Anyone else have any stories to tell about weird foods they've eaten?


Girls Are Geeks said...

Fun! I love interesting foods. I try to always pick a sushi I haven't tried before when I can, although I'm running out in most places. I also love squid, steamed, sushied, or dried and spiced, love it. I try to increase the number of land meat's I eat often, I've done elk and buffalo, the elk steaks were great. I've done alligator and crayfish as well as snails, shark, and others. I don't like the chewy things though, so I stay away from most snails and raw bivalves (yeah, I'm a scientist).

Girls Are Geeks

Eleni said...

Ooh, elk! I've never had any type of venison before. I need to find the right opportunity.

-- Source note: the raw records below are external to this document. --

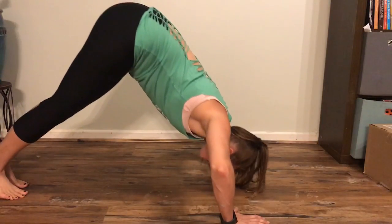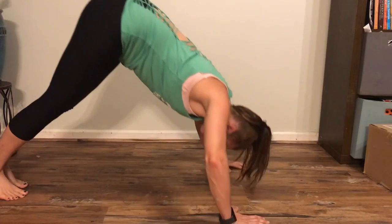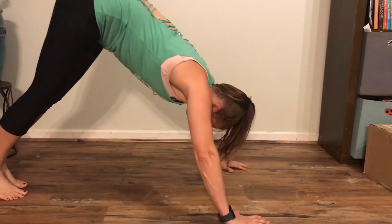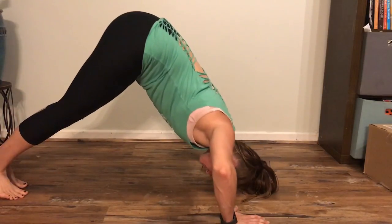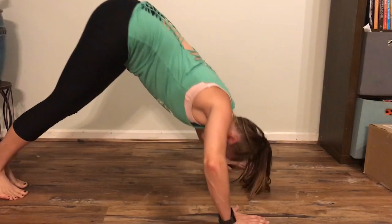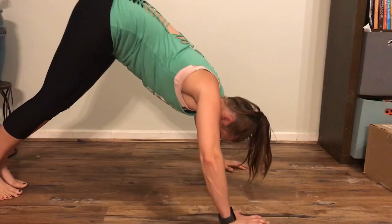These are shoulder push-ups. As you do these, you're aiming to get your head down in between your arms, and as you push back up, keep your body in that nice tight V position. You want to be in as much of a V as possible so that you're using your shoulders and not your chest like a regular push-up.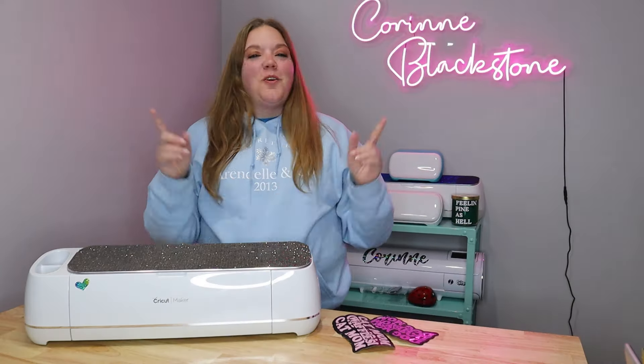Hi everybody, I'm Corinne Blackstone and welcome to my craft room. I am so happy to have you here today. Before we get started, be sure that you're subscribed so we don't miss out on any of the fun crafty content.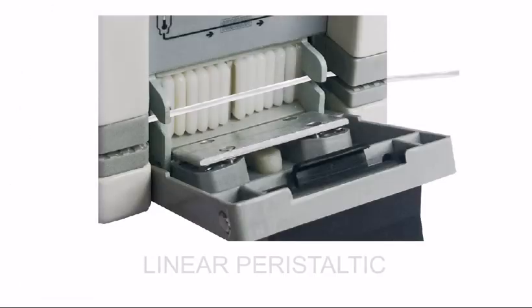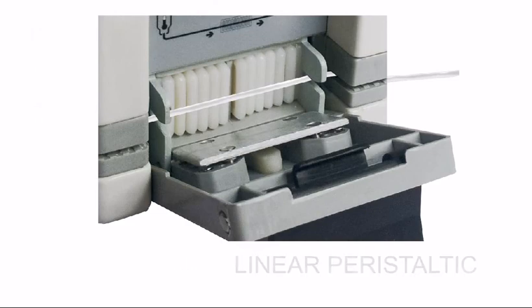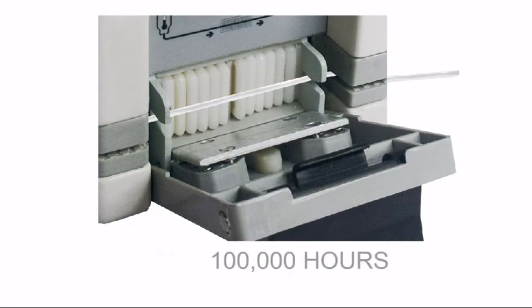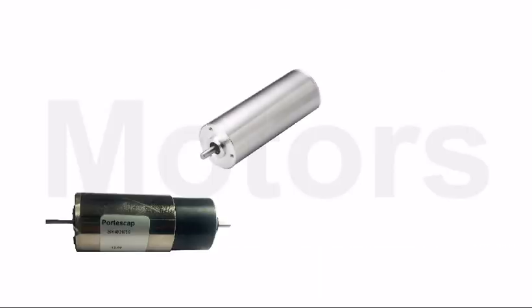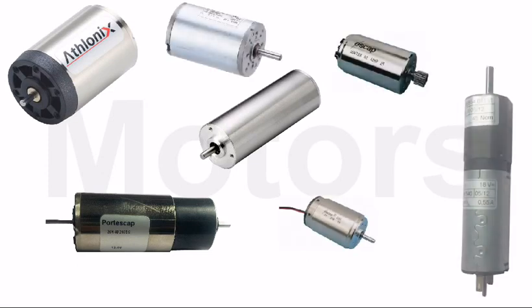Linear peristaltic technology ensures accurate flow without damaging the tubing. Materials used have minimal wear and tear and can run for 100,000 hours, which is more than 12 years of continuous running. The heart of the system — motors are imported from countries known for their quality standards, like Japan, Switzerland, and Germany.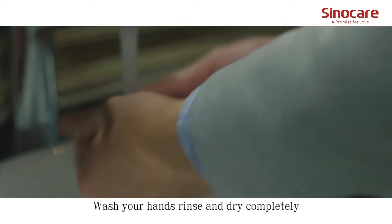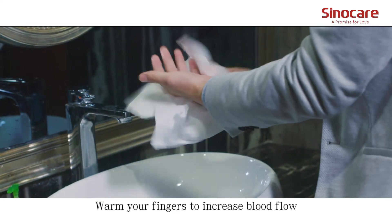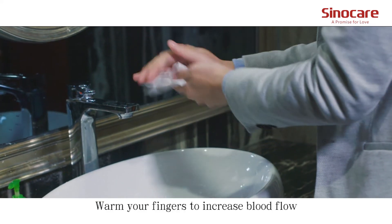Wash your hands. Rinse and dry completely. Warm your fingers to increase blood flow.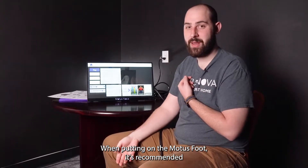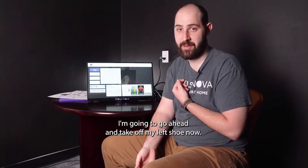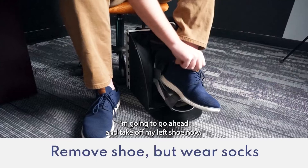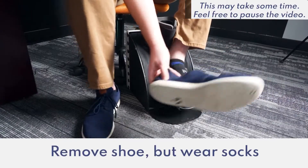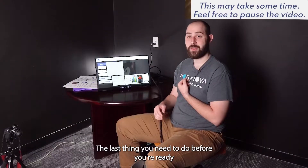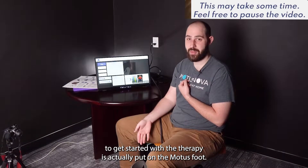When putting on the Modus Foot, it's recommended you do this either barefooted or with a sock on. I'm going to go ahead and take off my left shoe now. The last thing you need to do before you're ready to get started with your therapy is actually put on the Modus Foot.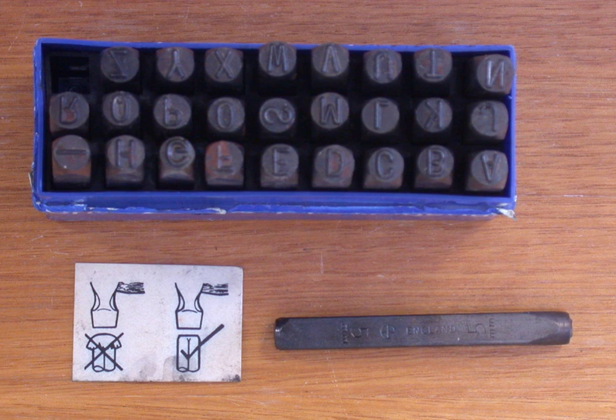Spring punches, also called roll pin punches, are used to drive roll pins. Standard pin punches should never be used on a roll pin. Because of the hollow, thin wall construction of a roll pin, a standard pin punch will often collapse, marr or distort the end of the pin, or be driven into and jammed inside the hollow core of the roll pin.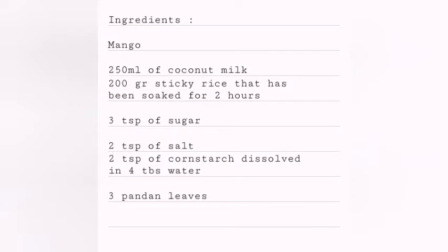Assalamualaikum warahmatullahi wabarakatuh. Hello everyone, my name is Marisha Yudri. I'm from Yogyakarta. My hobby is cooking, and now I want to make mango sticky rice. Okay, these are the ingredients that we need.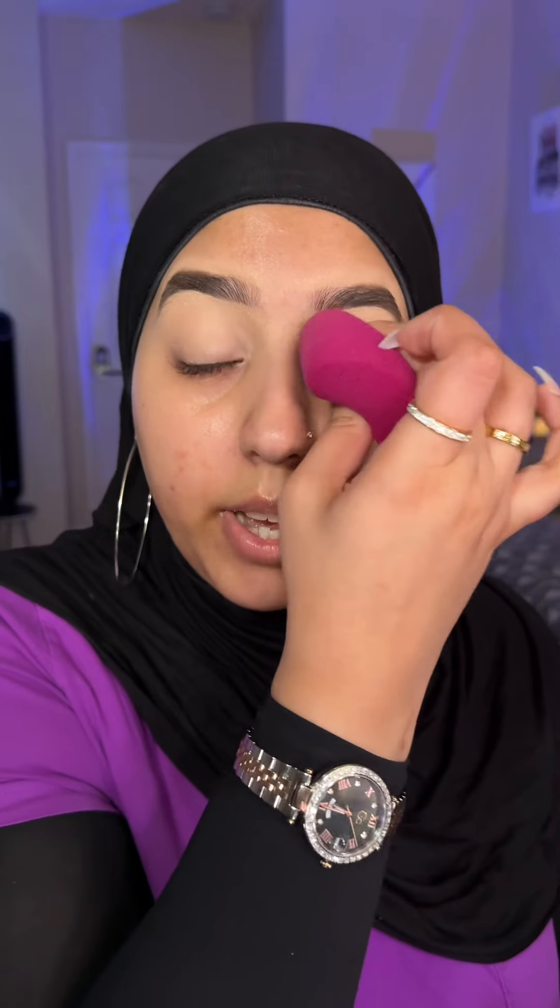I'm quickly going to prime my eyelids — this is really important if you want your eyeshadows to show and pop. Since we're going to do lilac colors, they don't really show a lot on the skin, so you really need to make sure your eyelids are primed. You can use any concealer or even foundation, just apply it evenly on your eyelids.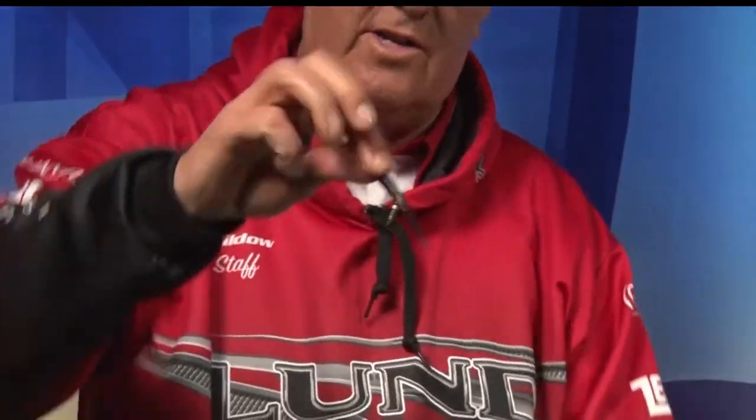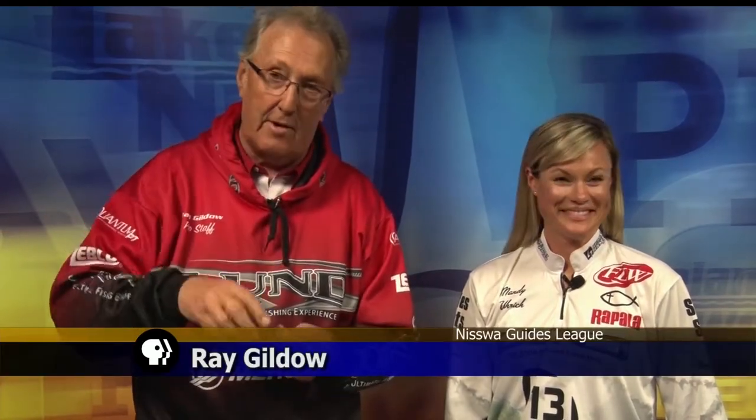One of them is Gulp, which is a product that's actually made with real fish parts. This is an imitation leech, this is an imitation minnow, and when you put this stuff on your hands you smell like you're an imitation leech yourself. But it's very popular, made with real fish parts, and it's biodegradable so it doesn't pollute the water the way some plastics do.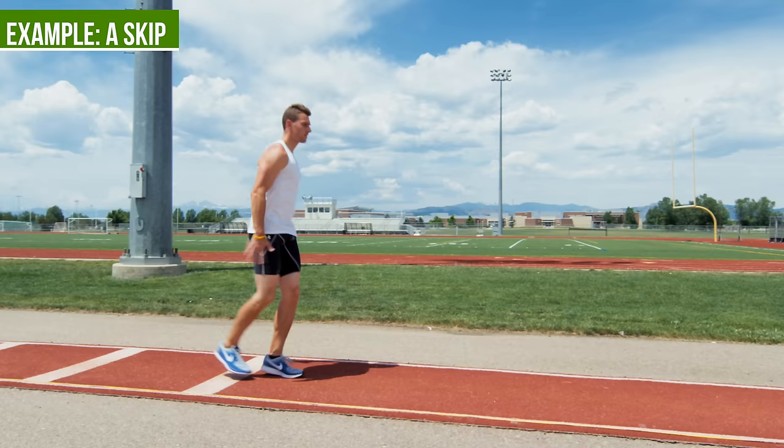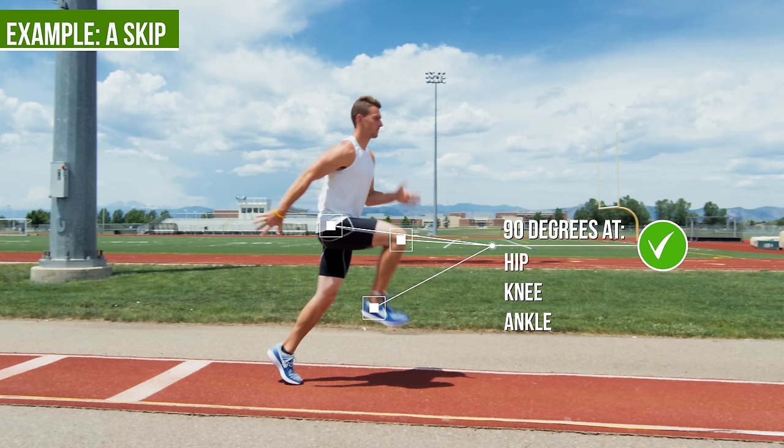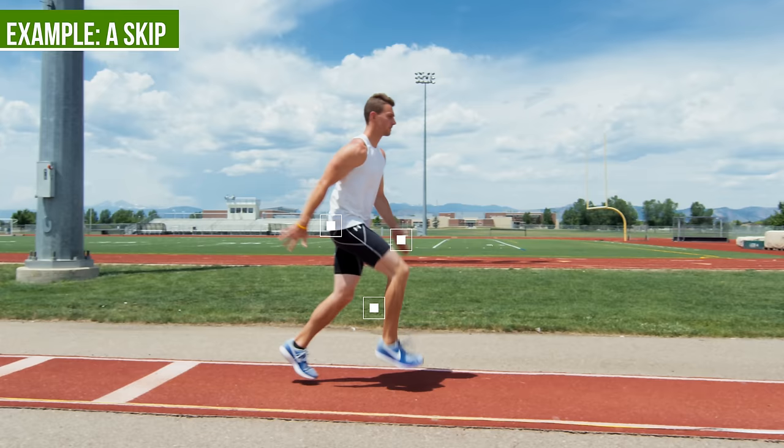The whole point of the A skip is to bring the knee up, have 90 degrees at the hip, 90 degrees at the knee, and 90 degrees at the ankle, really focusing on dorsiflexion and landing underneath you.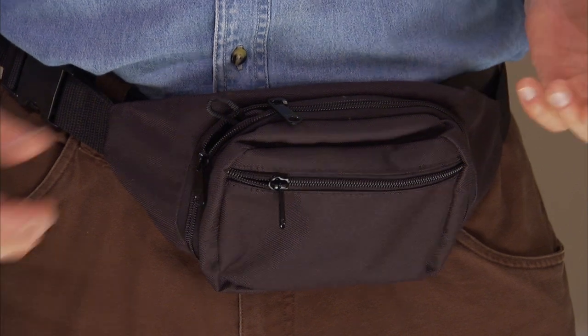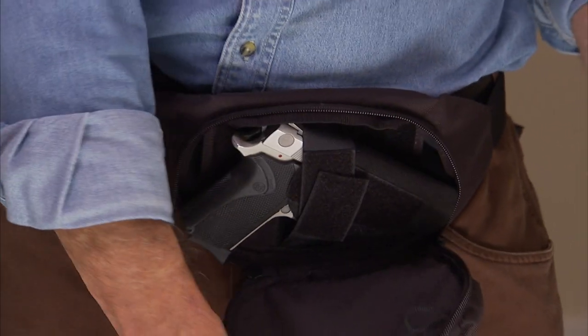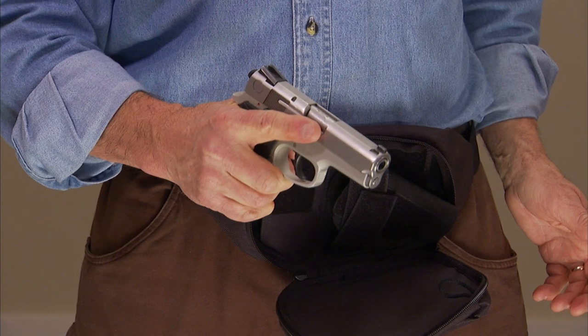To access my gun on this particular model, I simply pull down on the tab, and my gun is right there.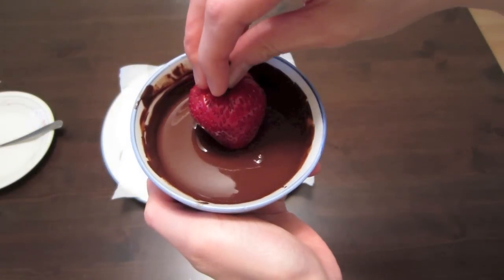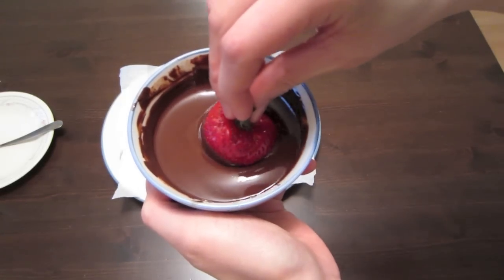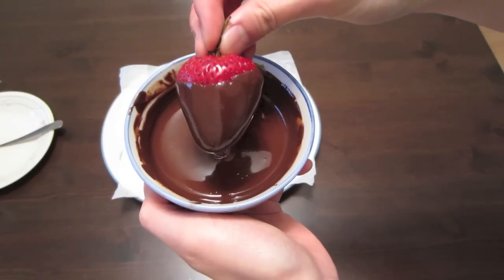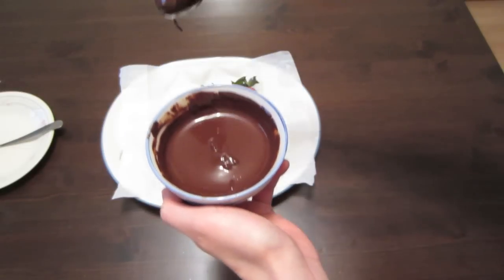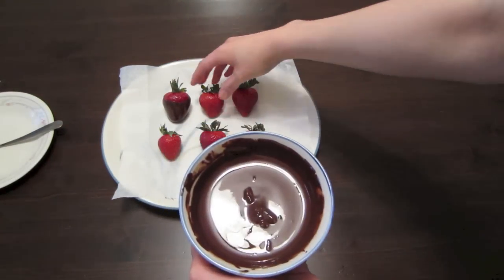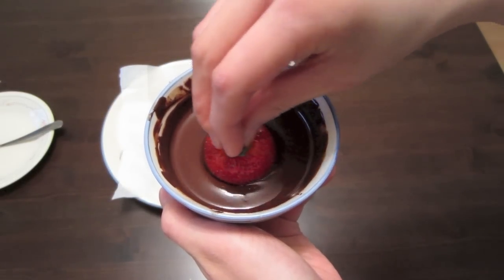To dip your strawberries, you just grab it by the stem, stick it in your chocolate, and do a little twisty motion around. Make sure that you cover about two-thirds of the strawberry — you don't want to cover the whole entire thing because you want a little bit of the red showing. So you just dip it in, do a little twisty thing, let the excess chocolate drip off. Easy peasy!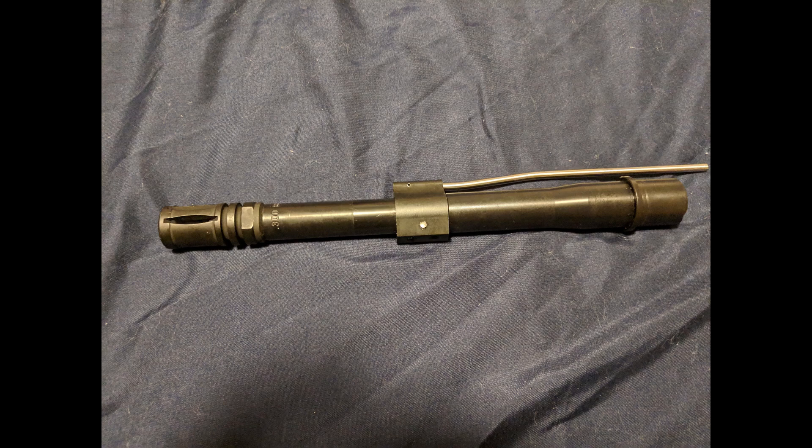Welcome to Inexpensive Arms, my name's Steve, and today we're going to take a look at how to taper pin a gas block onto a barrel.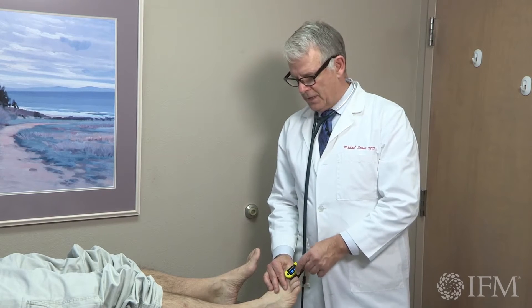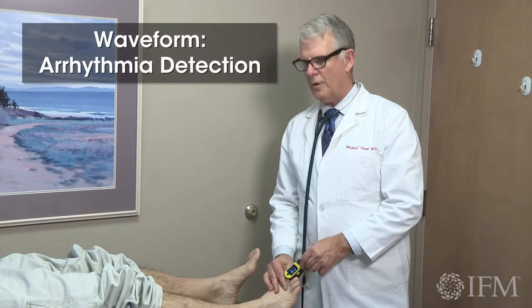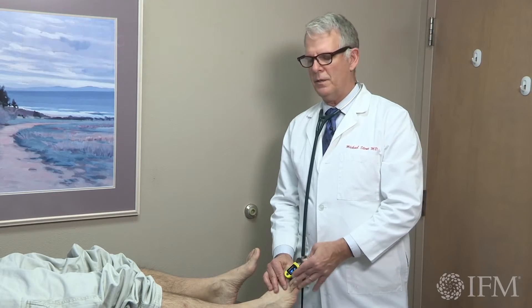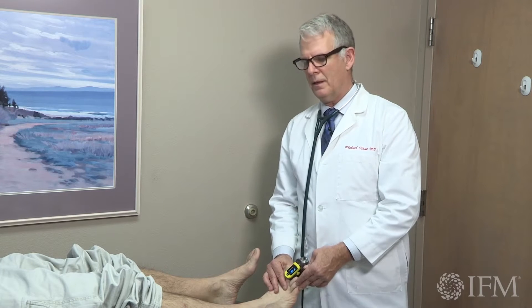Notice that you can get oxygen saturation monitors that have waveform, and you can pick up arrhythmia. Picking up an arrhythmia in the lower extremity is often the entry point for beginning to understand the arrhythmia that they're having at either upper or lower chambers in the heart.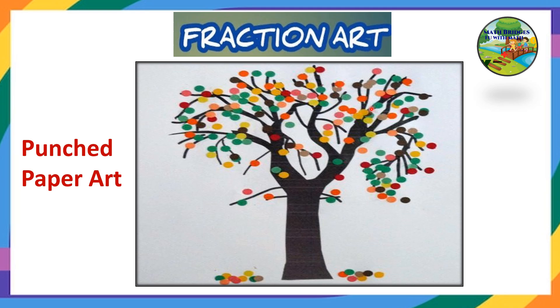If you do not have colored papers, use color pencils — make circles, give the outline, and write the fraction for this one. Hope you all enjoy this. Like, share, and subscribe to our channel Math Bridges Fun with Math. Thank you everyone.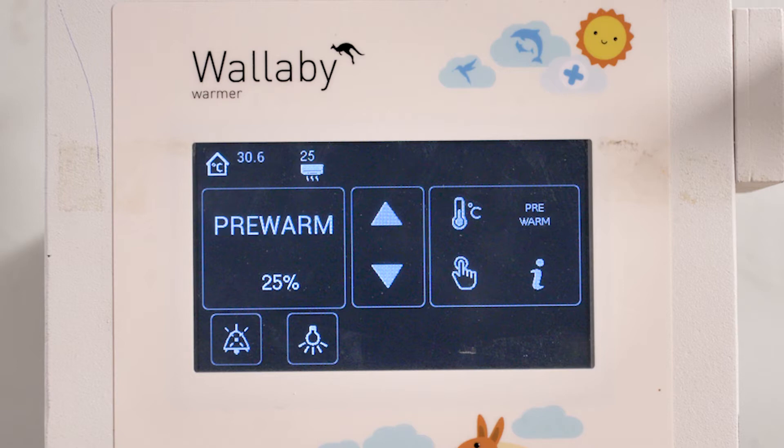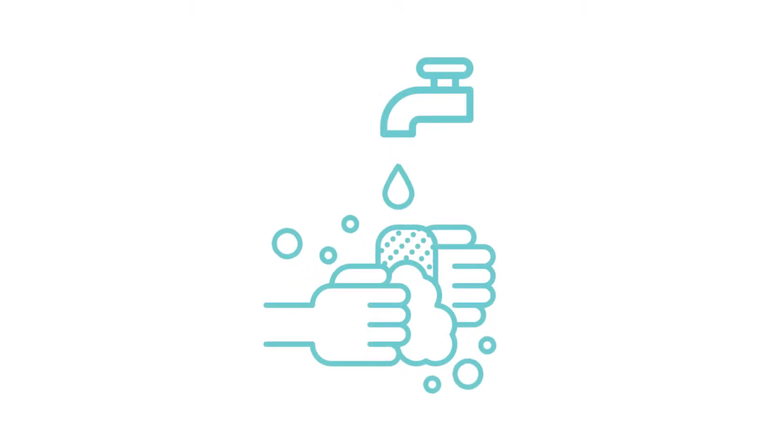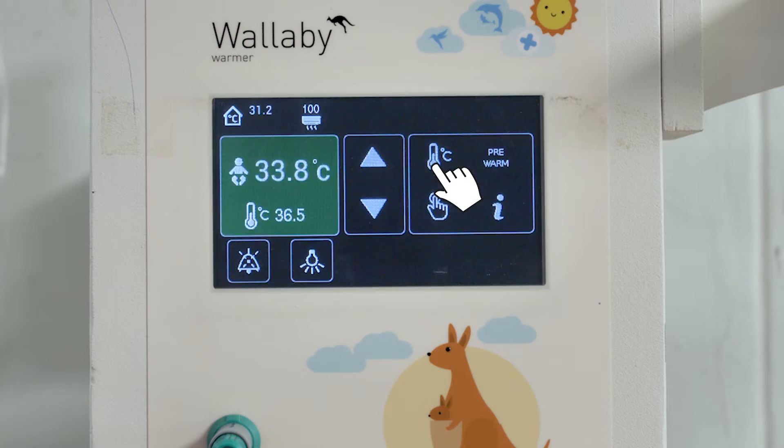Before you place the baby under the warmer, make sure the cot has actually warmed up. Also wash your hands and put on gloves. Now switch to servo or baby mode.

And alligator sounds particularly interesting. What was it like? I can't actually think of any reptile I've eaten. I know some people eat turtles, but I haven't done that either.

Vanessa said...

You're brave, I confess I wouldn't have the guts to eat some of those... Very interesting post

Eleni said...

If it's a legitimate food and I know the worst that could happen is it tastes bad, I can mostly make myself try it when put under enough pressure to do so. Not sure if that's a strength or a weakness when I put it that way...

Anonymous said...

I remember, as a child in Marseille, that it was always fun to observe someone eating a sea violet for the first time. Violets are known to have a strong, almost bitter flavor, which I was told was due to a high concentration of iodine.

The initial reaction was predictable: shock, bordering on revulsion. The fun part came shortly after that, when the person would ask: "May I try another"? It never failed.

Eleni said...

Haha, I think my problem was I only got a small piece because we were splitting it. I hardly remember the taste, more the chewy texture.